## Raw data
* * *
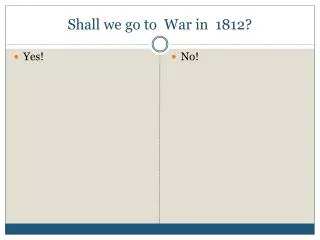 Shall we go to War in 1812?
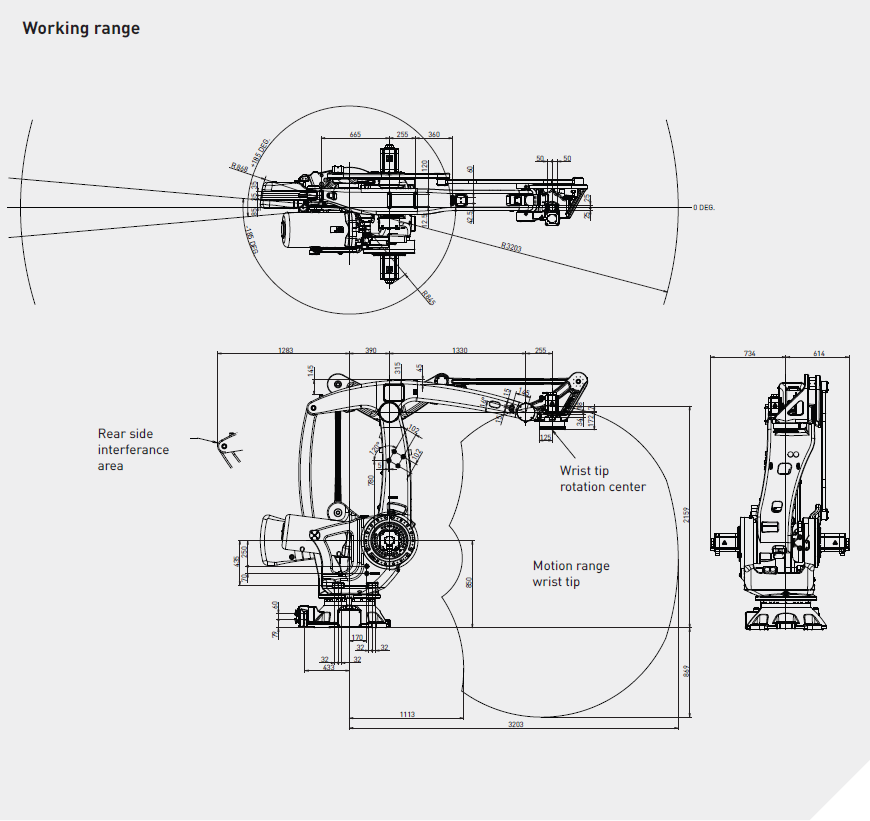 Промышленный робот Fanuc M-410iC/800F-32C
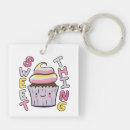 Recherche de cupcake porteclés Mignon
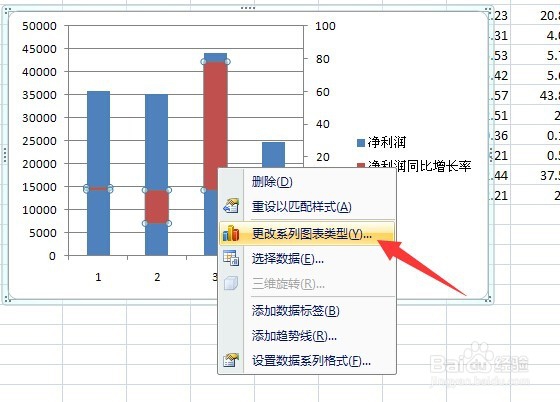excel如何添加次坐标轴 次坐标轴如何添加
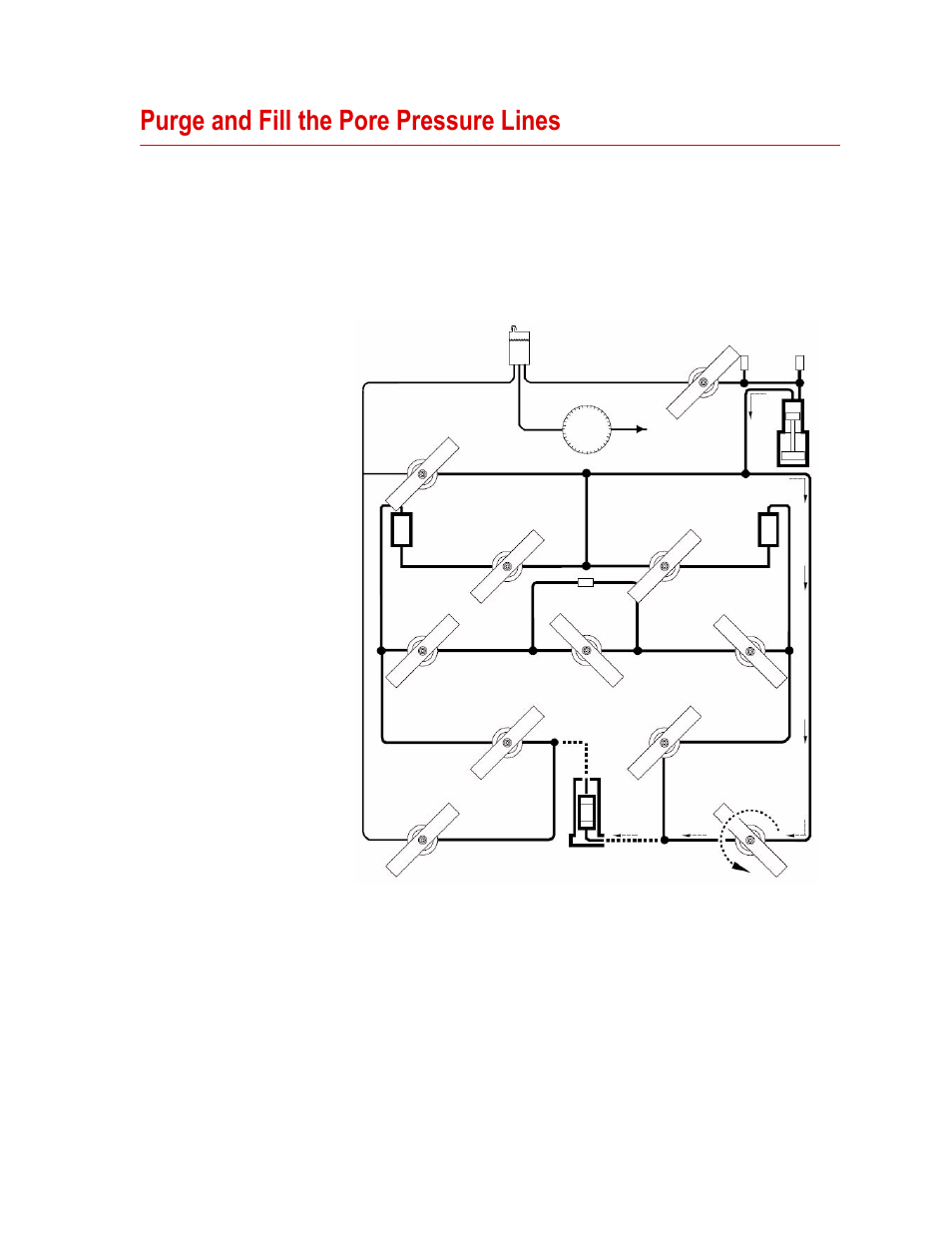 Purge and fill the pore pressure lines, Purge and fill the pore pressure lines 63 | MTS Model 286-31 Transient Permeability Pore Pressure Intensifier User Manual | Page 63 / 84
* * *
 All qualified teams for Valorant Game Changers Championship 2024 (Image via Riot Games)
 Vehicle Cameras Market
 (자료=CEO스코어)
* * *
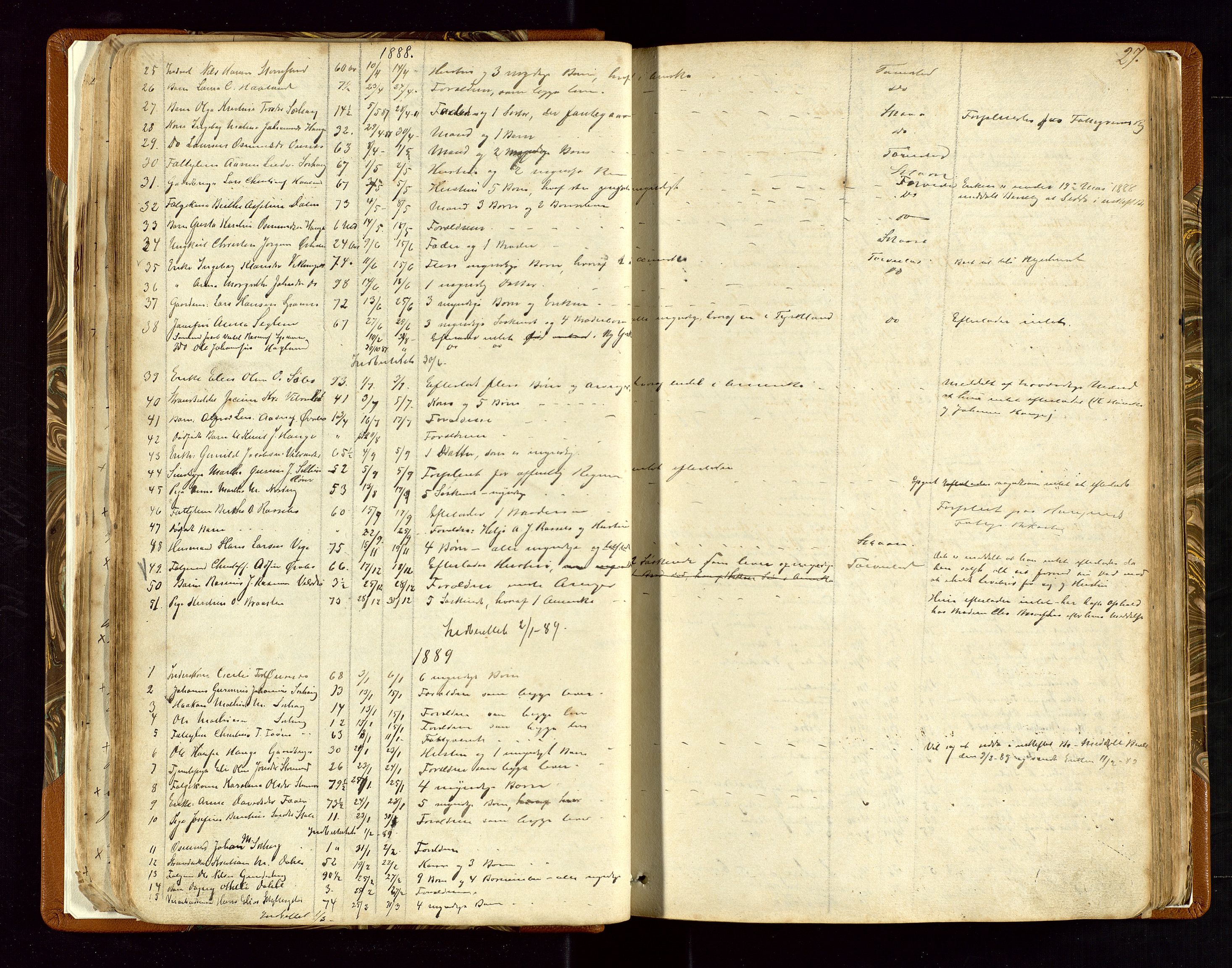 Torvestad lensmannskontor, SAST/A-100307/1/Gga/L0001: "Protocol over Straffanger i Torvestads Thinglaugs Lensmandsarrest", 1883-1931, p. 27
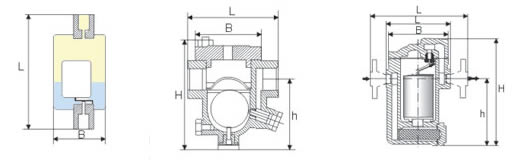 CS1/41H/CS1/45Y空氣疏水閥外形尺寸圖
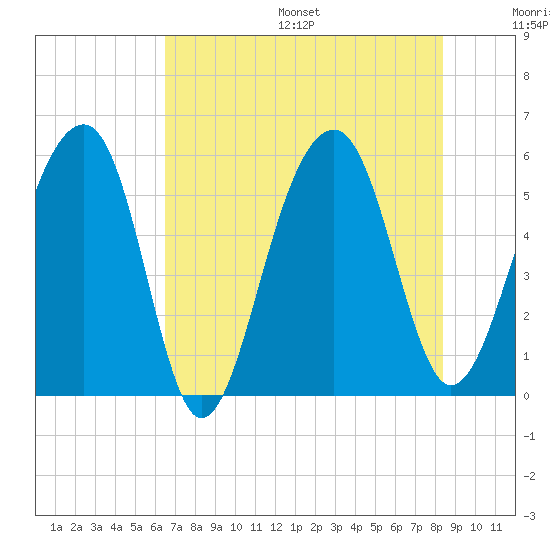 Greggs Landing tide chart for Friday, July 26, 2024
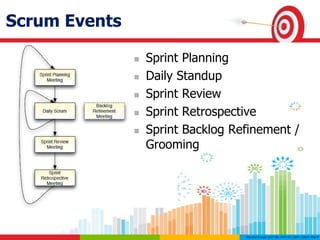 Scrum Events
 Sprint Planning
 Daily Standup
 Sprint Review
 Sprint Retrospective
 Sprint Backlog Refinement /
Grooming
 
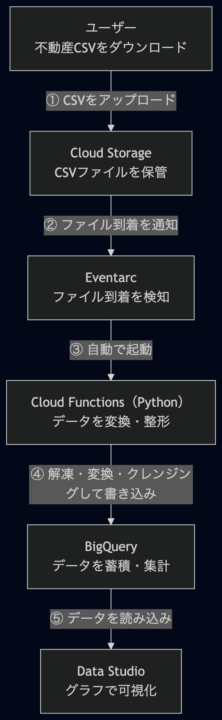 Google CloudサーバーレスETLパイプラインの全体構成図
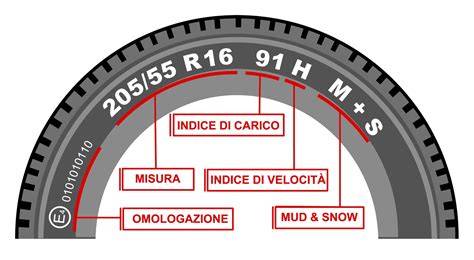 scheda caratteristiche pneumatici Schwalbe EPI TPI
* * *
## Your assignment
Each line between the one holding "Промышленный робот Fanuc M-410iC/800F-32C" and the one holding "Purge and fill the pore pressure lines, Purge", inclusive, should be copied exactly as it appears above, and pictures should be omitted.

## Result of this task
 Промышленный робот Fanuc M-410iC/800F-32C
 Recherche de cupcake porteclés Mignon
excel如何添加次坐标轴 次坐标轴如何添加
 Purge and fill the pore pressure lines, Purge and fill the pore pressure lines 63 | MTS Model 286-31 Transient Permeability Pore Pressure Intensifier User Manual | Page 63 / 84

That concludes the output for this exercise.